*** TASK DATA ***
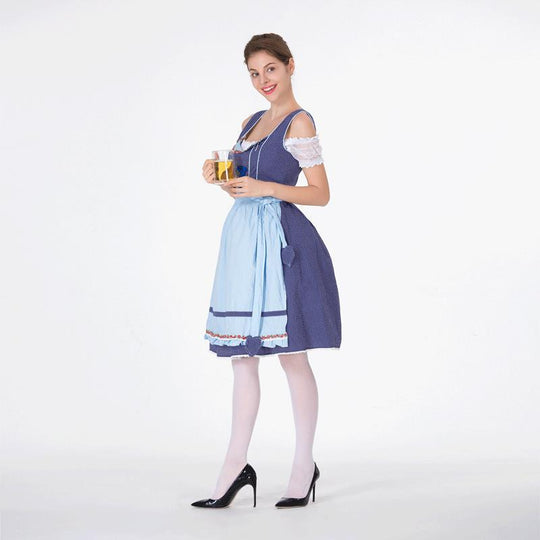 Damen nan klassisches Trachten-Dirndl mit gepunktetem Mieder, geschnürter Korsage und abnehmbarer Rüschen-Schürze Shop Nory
*** End of TASK DATA ***
*** TASK DATA ***
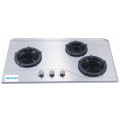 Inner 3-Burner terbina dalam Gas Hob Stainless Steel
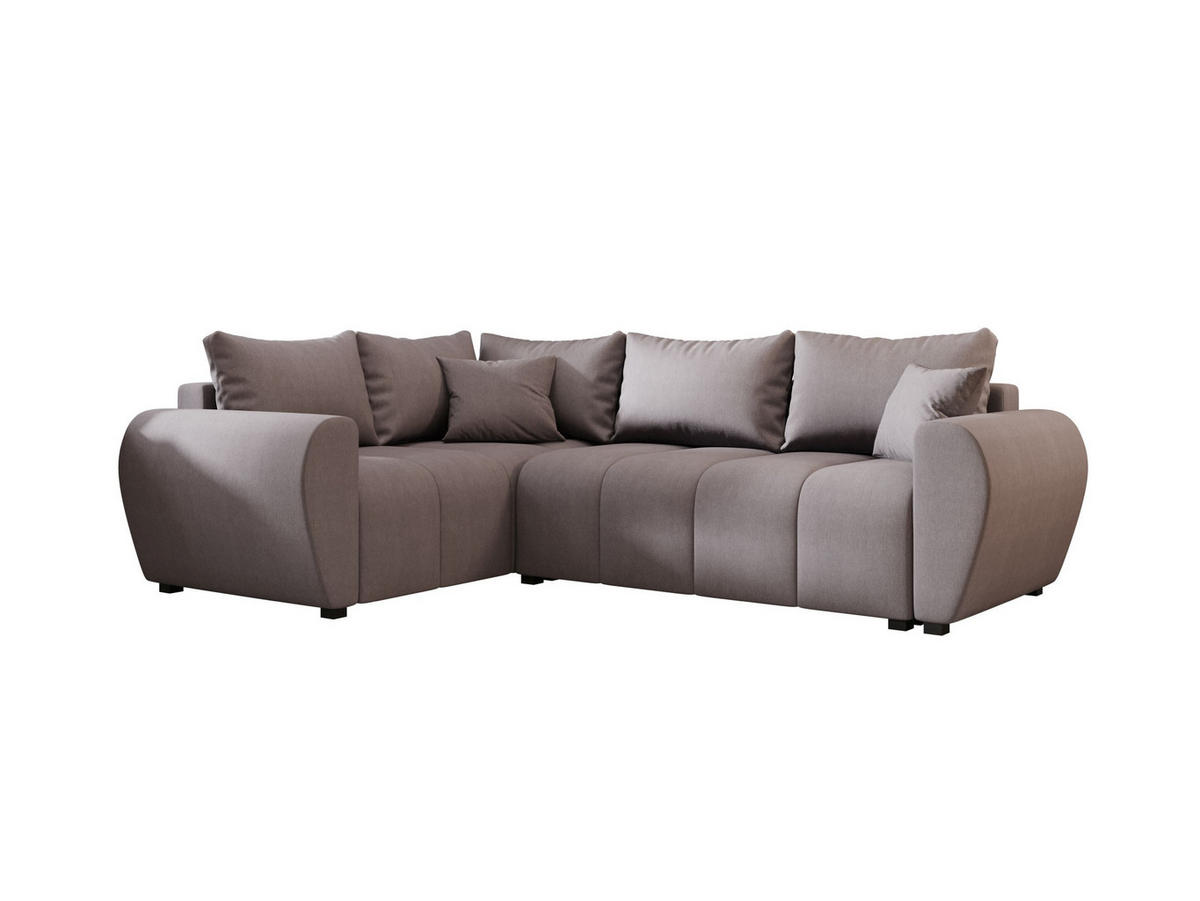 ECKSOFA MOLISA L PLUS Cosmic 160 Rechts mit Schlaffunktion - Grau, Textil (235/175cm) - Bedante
*** End of TASK DATA ***
PROBLEM TO WORK ON — Output exactly, and only, the lines of the entries above from the one with "Inner 3-Burner terbina" up to and including the one with "ECKSOFA MOLISA L"; pictures are to be left out.

ANSWER TO THE PROBLEM —
 Inner 3-Burner terbina dalam Gas Hob Stainless Steel
 ECKSOFA MOLISA L PLUS Cosmic 160 Rechts mit Schlaffunktion - Grau, Textil (235/175cm) - Bedante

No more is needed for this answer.